Recorded data
•••

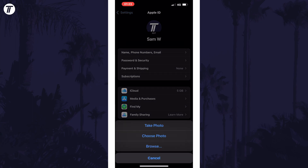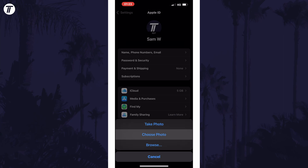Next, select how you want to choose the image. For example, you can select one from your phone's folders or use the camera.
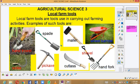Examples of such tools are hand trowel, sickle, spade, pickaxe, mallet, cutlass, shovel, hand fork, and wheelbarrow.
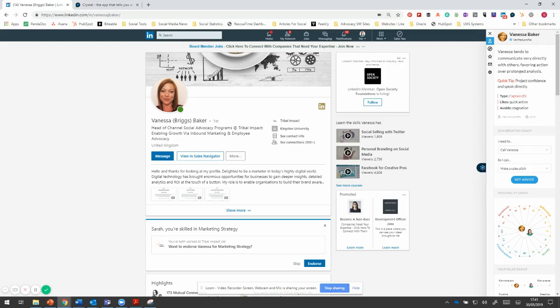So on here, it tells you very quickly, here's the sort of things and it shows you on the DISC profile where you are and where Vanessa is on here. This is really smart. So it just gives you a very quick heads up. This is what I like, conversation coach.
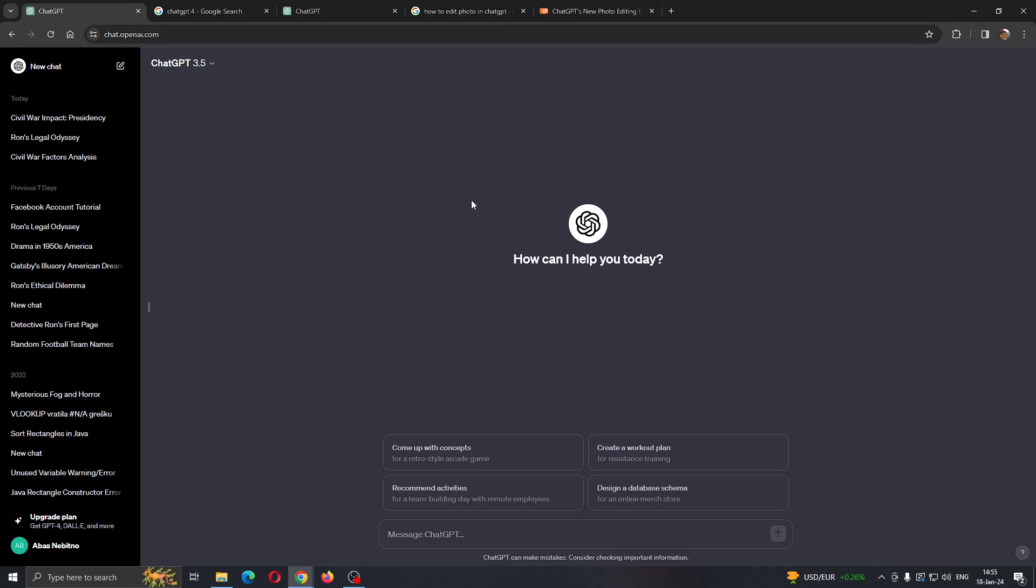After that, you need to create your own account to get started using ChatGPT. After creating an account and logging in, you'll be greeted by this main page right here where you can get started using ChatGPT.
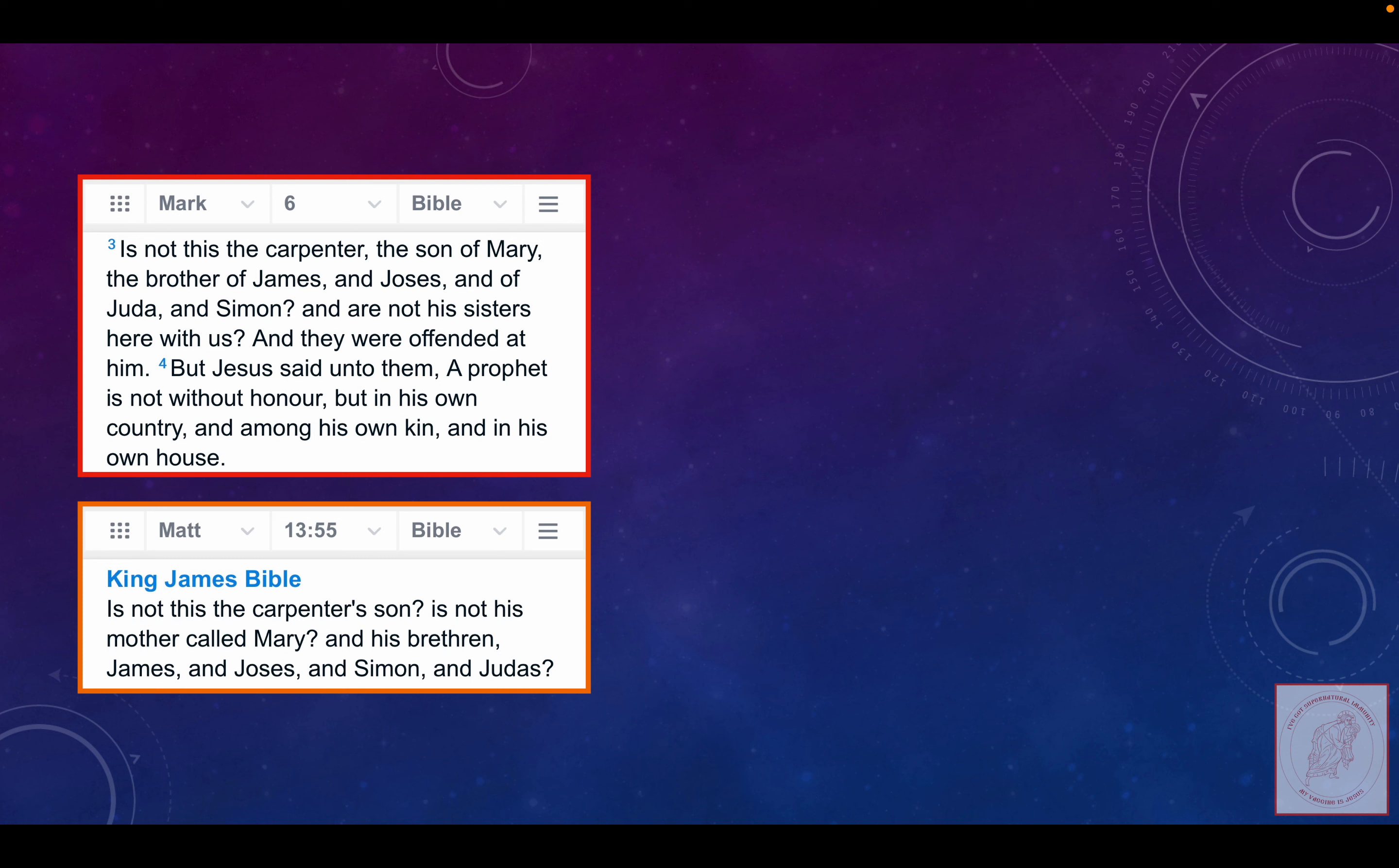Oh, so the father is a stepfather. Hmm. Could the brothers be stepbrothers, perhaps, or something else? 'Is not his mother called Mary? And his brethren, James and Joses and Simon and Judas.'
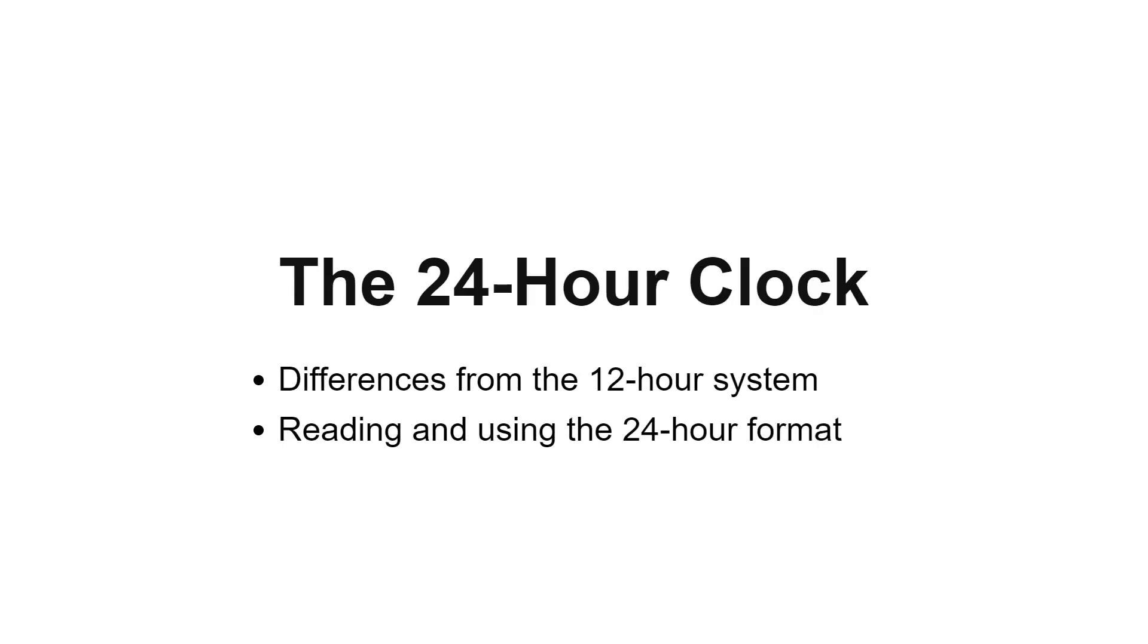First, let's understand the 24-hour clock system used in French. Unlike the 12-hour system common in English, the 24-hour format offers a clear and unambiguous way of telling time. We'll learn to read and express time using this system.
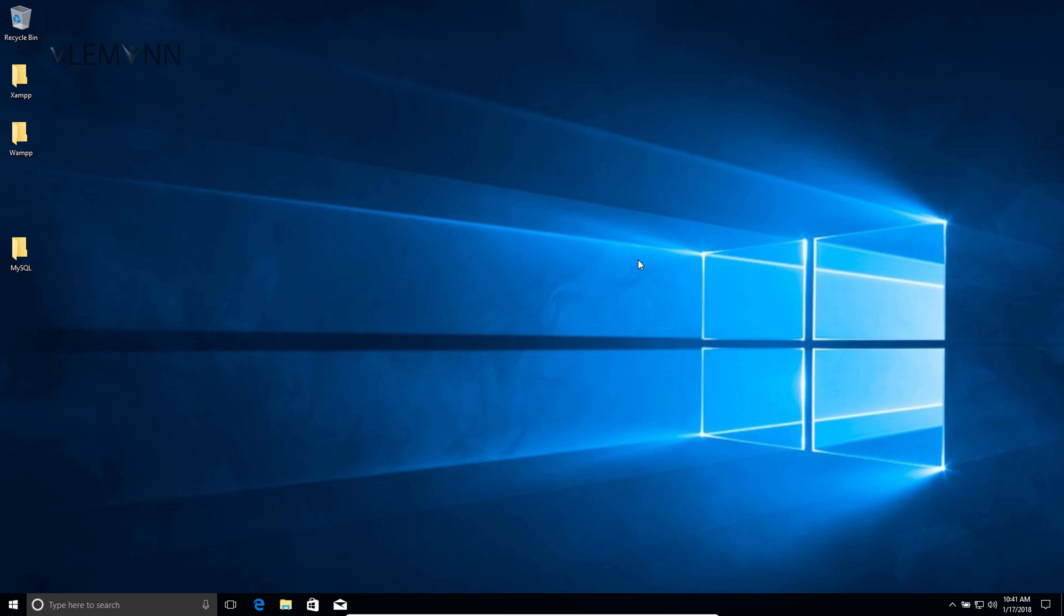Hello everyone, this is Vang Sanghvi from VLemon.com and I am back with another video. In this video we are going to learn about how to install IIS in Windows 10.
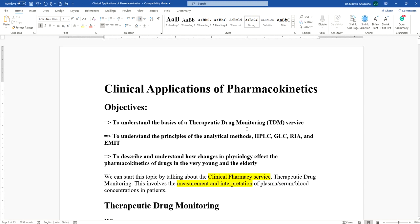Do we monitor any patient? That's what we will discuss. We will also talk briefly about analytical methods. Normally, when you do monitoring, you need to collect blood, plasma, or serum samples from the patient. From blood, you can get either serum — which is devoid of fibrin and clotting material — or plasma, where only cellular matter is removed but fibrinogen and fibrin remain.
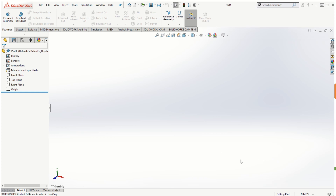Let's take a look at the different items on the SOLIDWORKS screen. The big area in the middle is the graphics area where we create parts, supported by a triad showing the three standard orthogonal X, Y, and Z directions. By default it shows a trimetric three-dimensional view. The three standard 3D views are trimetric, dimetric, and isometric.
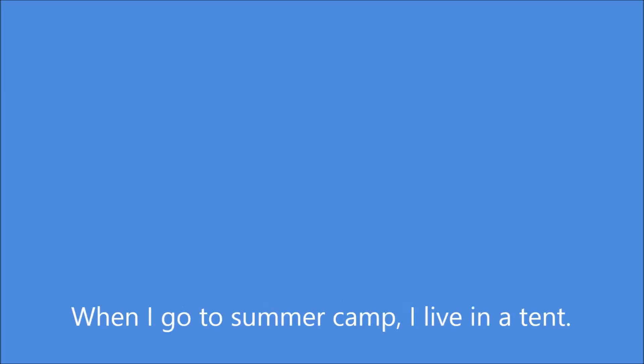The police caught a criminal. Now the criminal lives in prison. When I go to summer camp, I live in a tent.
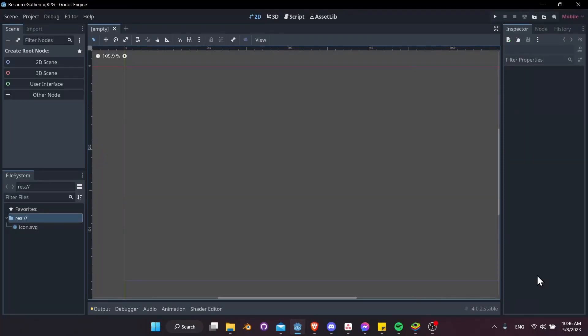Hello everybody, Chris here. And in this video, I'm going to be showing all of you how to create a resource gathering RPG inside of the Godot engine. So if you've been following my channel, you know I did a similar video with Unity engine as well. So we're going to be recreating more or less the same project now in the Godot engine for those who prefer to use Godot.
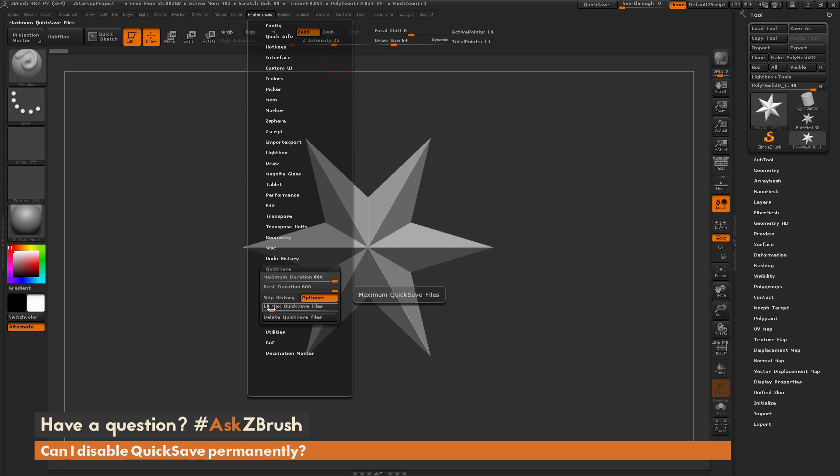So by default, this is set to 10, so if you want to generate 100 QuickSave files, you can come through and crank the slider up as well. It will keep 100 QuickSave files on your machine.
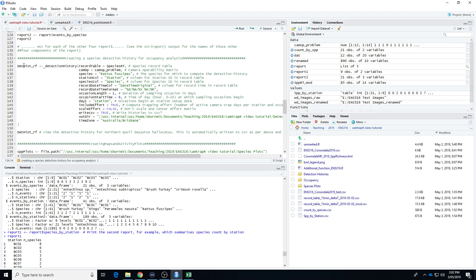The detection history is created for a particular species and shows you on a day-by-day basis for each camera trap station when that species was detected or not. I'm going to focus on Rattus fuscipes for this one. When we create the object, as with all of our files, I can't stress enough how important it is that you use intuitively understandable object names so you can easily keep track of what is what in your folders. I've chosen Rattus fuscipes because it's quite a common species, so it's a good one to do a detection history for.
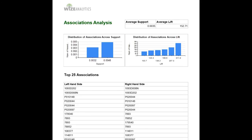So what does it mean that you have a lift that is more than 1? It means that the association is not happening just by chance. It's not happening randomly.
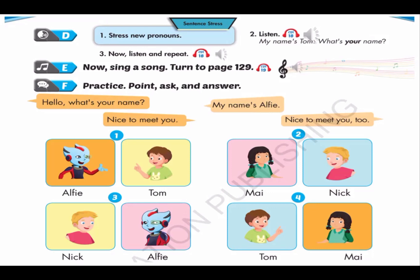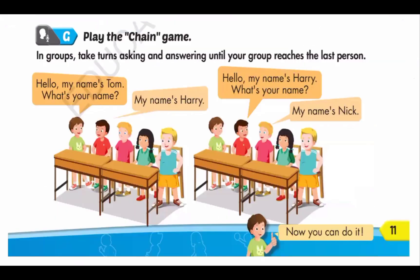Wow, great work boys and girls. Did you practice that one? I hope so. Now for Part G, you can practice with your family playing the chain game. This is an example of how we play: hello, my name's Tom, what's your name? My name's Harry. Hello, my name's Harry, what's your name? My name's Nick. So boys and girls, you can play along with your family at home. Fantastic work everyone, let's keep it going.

•••

What the task requires >> Give back every record above word for word, dropping pictures.

Answer space >>
Next, select how you want to choose the image. For example, you can select one from your phone's folders or use the camera.
Examples of such tools are hand trowel, sickle, spade, pickaxe, mallet, cutlass, shovel, hand fork, and wheelbarrow.
So on here, it tells you very quickly, here's the sort of things and it shows you on the DISC profile where you are and where Vanessa is on here. This is really smart. So it just gives you a very quick heads up. This is what I like, conversation coach.
After that, you need to create your own account to get started using ChatGPT. After creating an account and logging in, you'll be greeted by this main page right here where you can get started using ChatGPT.
Oh, so the father is a stepfather. Hmm. Could the brothers be stepbrothers, perhaps, or something else? 'Is not his mother called Mary? And his brethren, James and Joses and Simon and Judas.'
First, let's understand the 24-hour clock system used in French. Unlike the 12-hour system common in English, the 24-hour format offers a clear and unambiguous way of telling time. We'll learn to read and express time using this system.
Hello everyone, this is Vang Sanghvi from VLemon.com and I am back with another video. In this video we are going to learn about how to install IIS in Windows 10.
Do we monitor any patient? That's what we will discuss. We will also talk briefly about analytical methods. Normally, when you do monitoring, you need to collect blood, plasma, or serum samples from the patient. From blood, you can get either serum — which is devoid of fibrin and clotting material — or plasma, where only cellular matter is removed but fibrinogen and fibrin remain.
Let's take a look at the different items on the SOLIDWORKS screen. The big area in the middle is the graphics area where we create parts, supported by a triad showing the three standard orthogonal X, Y, and Z directions. By default it shows a trimetric three-dimensional view. The three standard 3D views are trimetric, dimetric, and isometric.
The police caught a criminal. Now the criminal lives in prison. When I go to summer camp, I live in a tent.
Hello everybody, Chris here. And in this video, I'm going to be showing all of you how to create a resource gathering RPG inside of the Godot engine. So if you've been following my channel, you know I did a similar video with Unity engine as well. So we're going to be recreating more or less the same project now in the Godot engine for those who prefer to use Godot.
So by default, this is set to 10, so if you want to generate 100 QuickSave files, you can come through and crank the slider up as well. It will keep 100 QuickSave files on your machine.
The detection history is created for a particular species and shows you on a day-by-day basis for each camera trap station when that species was detected or not. I'm going to focus on Rattus fuscipes for this one. When we create the object, as with all of our files, I can't stress enough how important it is that you use intuitively understandable object names so you can easily keep track of what is what in your folders. I've chosen Rattus fuscipes because it's quite a common species, so it's a good one to do a detection history for.
So what does it mean that you have a lift that is more than 1? It means that the association is not happening just by chance. It's not happening randomly.
Wow, great work boys and girls. Did you practice that one? I hope so. Now for Part G, you can practice with your family playing the chain game. This is an example of how we play: hello, my name's Tom, what's your name? My name's Harry. Hello, my name's Harry, what's your name? My name's Nick. So boys and girls, you can play along with your family at home. Fantastic work everyone, let's keep it going.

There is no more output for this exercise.